**DATA FOR REVIEW**
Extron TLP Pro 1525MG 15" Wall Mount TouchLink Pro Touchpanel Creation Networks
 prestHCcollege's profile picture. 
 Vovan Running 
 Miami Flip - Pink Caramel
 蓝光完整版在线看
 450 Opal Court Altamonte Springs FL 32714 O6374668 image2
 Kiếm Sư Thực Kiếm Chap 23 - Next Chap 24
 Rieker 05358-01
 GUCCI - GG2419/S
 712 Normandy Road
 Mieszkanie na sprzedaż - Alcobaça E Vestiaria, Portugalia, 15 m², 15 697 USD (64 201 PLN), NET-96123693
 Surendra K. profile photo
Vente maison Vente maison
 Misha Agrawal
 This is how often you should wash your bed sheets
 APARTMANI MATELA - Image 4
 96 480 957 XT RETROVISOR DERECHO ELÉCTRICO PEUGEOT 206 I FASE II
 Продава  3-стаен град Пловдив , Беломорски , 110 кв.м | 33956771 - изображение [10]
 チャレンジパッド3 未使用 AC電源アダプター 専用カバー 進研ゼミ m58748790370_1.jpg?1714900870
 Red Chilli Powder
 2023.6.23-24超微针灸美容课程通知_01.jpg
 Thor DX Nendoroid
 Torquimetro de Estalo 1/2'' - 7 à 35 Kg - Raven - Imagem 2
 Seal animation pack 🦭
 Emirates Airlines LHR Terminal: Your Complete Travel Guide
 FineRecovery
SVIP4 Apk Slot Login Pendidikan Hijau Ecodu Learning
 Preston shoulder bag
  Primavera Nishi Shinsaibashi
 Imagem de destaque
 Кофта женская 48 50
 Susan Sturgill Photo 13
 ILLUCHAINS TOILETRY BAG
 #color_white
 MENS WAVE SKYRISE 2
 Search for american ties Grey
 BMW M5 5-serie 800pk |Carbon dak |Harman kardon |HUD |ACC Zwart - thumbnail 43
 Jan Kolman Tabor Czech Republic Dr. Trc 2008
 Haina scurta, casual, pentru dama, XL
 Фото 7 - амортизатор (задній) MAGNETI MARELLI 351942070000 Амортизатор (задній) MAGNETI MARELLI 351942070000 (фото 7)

**DIRECTIONS**
Once the line with "ILLUCHAINS TOILETRY BAG" has been found in the records above, retype it and every line after it exactly, and include nothing else.

**SOLUTION TO THIS EXERCISE**
 ILLUCHAINS TOILETRY BAG
 #color_white
 MENS WAVE SKYRISE 2
 Search for american ties Grey
 BMW M5 5-serie 800pk |Carbon dak |Harman kardon |HUD |ACC Zwart - thumbnail 43
 Jan Kolman Tabor Czech Republic Dr. Trc 2008
 Haina scurta, casual, pentru dama, XL
 Фото 7 - амортизатор (задній) MAGNETI MARELLI 351942070000 Амортизатор (задній) MAGNETI MARELLI 351942070000 (фото 7)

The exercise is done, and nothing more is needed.